Task instructions
Lines from the one containing "Kia Sonet Gtx Plus, 2021, Diesel" through the end of the data are to be returned exactly, and no others.

Caption-style text data
____

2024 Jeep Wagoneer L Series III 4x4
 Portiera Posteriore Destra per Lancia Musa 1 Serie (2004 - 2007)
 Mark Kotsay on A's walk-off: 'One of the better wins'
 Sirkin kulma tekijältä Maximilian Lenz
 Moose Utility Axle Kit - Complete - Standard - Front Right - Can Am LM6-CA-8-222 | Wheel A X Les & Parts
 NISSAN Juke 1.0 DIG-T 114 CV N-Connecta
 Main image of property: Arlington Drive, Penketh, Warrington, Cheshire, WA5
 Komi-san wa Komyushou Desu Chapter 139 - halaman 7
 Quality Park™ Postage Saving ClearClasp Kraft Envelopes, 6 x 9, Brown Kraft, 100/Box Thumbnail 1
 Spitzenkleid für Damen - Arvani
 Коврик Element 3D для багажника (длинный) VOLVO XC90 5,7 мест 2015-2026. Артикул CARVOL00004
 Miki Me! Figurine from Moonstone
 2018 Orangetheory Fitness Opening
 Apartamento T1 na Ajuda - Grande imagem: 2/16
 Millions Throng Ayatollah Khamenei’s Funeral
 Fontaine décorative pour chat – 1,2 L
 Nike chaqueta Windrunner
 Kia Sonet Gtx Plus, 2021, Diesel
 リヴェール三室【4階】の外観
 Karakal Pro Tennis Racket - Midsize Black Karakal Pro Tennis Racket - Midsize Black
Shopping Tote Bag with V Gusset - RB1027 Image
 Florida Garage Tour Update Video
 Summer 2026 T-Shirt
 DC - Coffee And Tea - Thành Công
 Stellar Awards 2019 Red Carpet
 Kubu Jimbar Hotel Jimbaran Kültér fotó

____

Your response
 Kia Sonet Gtx Plus, 2021, Diesel
 リヴェール三室【4階】の外観
 Karakal Pro Tennis Racket - Midsize Black Karakal Pro Tennis Racket - Midsize Black
Shopping Tote Bag with V Gusset - RB1027 Image
 Florida Garage Tour Update Video
 Summer 2026 T-Shirt
 DC - Coffee And Tea - Thành Công
 Stellar Awards 2019 Red Carpet
 Kubu Jimbar Hotel Jimbaran Kültér fotó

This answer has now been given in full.